2. Harmony between heaven and earth. The second harmony is between God and man, which is what verse 11 suggests when it speaks of faithfulness springing from the earth and righteousness looking down from heaven. We may see this as God’s gift of righteousness from above and our response of faith reaching up to receive God’s righteousness and then issuing in faithfulness. But the picture is probably not as specific as this. The verse is better seen as pointing to a state in which God’s people live in faithful obedience to God and are blessed by him. When that happens, salvation has indeed come to a people and the glory of God dwells in their land.

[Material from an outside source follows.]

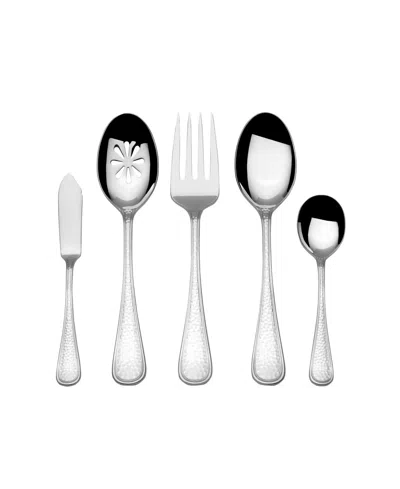 Mikasa Clarissa 65-piece Flatware Set, Service For 12 In Metallic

3. A harmony in man. The third harmony is in man himself. For these qualities—love, faithfulness, righteousness and peace—are not among the incommunicable attributes of God, meaning that they are uniquely God’s and cannot be shared with man. They are communicable qualities. They can be shared and therefore can and must appear in those who are God’s people. Moreover, when they appear in us, we find that we are at peace not only with God, but also with ourselves and one another. In fact, we become peacemakers in an otherwise cruel, warring and disharmonious world.
Oliver Cromwell, the Lord Protector of England between the execution of Charles I and the reestablishment of the monarchy under Charles II, loved the psalms, and one of the psalms he loved was this one. On September 16, 1656, he was reading Psalm 85 in Whitehall, the day before the meeting of the second Parliament of the Protectorate. It was a Tuesday. On Wednesday Parliament was opened, and Cromwell addressed the members with a talk based in part on these verses: “Yesterday I did read a psalm, which truly may not unbecome both me to tell you of and you to observe. It is the 85th Psalm; it is very instructive and significant; and though I do but a little touch upon it, I desire your perusal and pleasure.” He then expounded on these verses as an expression of his vision and hope that by their faithfulness to God righteousness might reign in England and a better, finer, happier and more harmonious age might come.1 That was never perfectly achieved, of course. But it was in part and still is wherever the people of God turn from their folly and are revived by him.
1Rowland E. Prothero, The Psalms in Human Life (New York: E.P. Dutton, 1904), p. 259.
Study Questions:
What four attributes of God are described in verses 10-13? How does the Bible define each one?
Explain the three harmonies suggested in these verses.
Application: How is the Lord impressing upon you the need to demonstrate the four attributes mentioned today?